3. The most common JAK2 mutation is most closely associated with polycythemia vera, but also occurs in moderately lower frequency in primary myelofibrosis and essential thrombocythemia. How one mutation causes three diseases is not yet known. Gene dosage may play an important role (see PubMed).
 
If you really want to go in-depth, you'd have to google the JAK2/STAT pathway which is pretty complex and overlaps with other pathways as well. The single point mutation in JAK2 is what they wrote in the book to simplify it for others. To get 3 different diseases obviously involves more criteria than just that mutation. The other two diseases, essential thrombocytopenia and primary myelofibrosis can also be caused by MPL point mutations, while PCV can ONLY be caused by JAK2 mutation.
 
The single point mutation in JAK2 is what they wrote in the book to simplify it for others.

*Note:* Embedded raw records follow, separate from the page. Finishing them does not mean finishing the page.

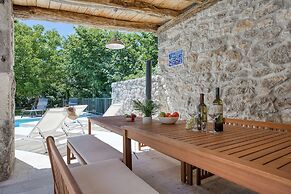 Stone Villa Galant with Pool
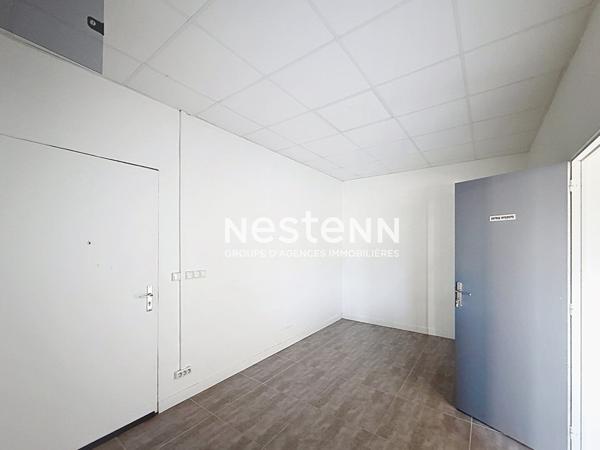 Cession Droit au Bail toutes activités possible, Gonesse Gare 70m² + parking privé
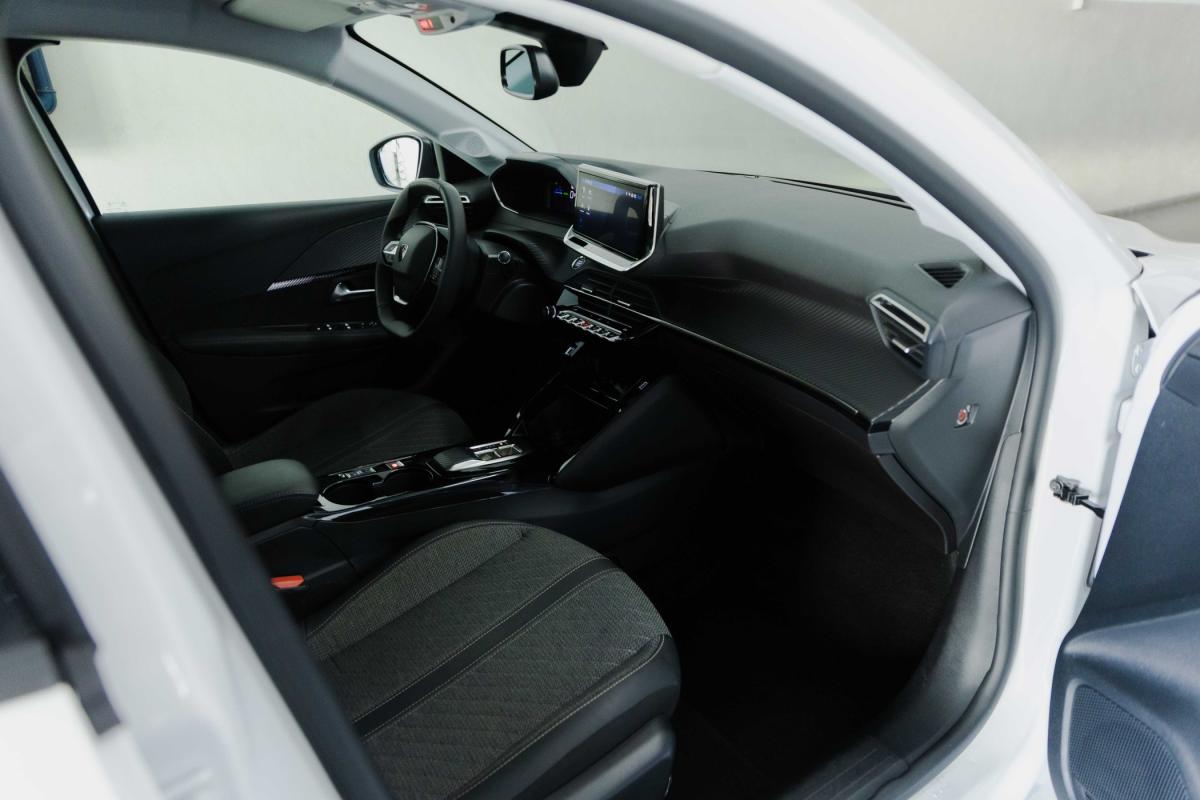 peugeot-208-2024-eletrico-500cc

The most common JAK2 mutation is V617F, which is what you are referring to. There are others involving exon 12, and more will almost certainly emerge over time.

shadowfox87 said:
The other two diseases, essential thrombocythemia and primary myelofibrosis can also be caused by MPL point mutations, while PV can ONLY be caused by JAK2 mutation.

Fixed that for you.
 
Thank you so much for your response! That helped tremendously.
 
Haha yea thx. Though, in Robbins, they always use PCV not PV, not a big deal, just convention.

I haven't seen my copy of Robbins in a few years, so I'll take your word for it. The WHO classification uses PV. Hemepath is great if you like to nitpick.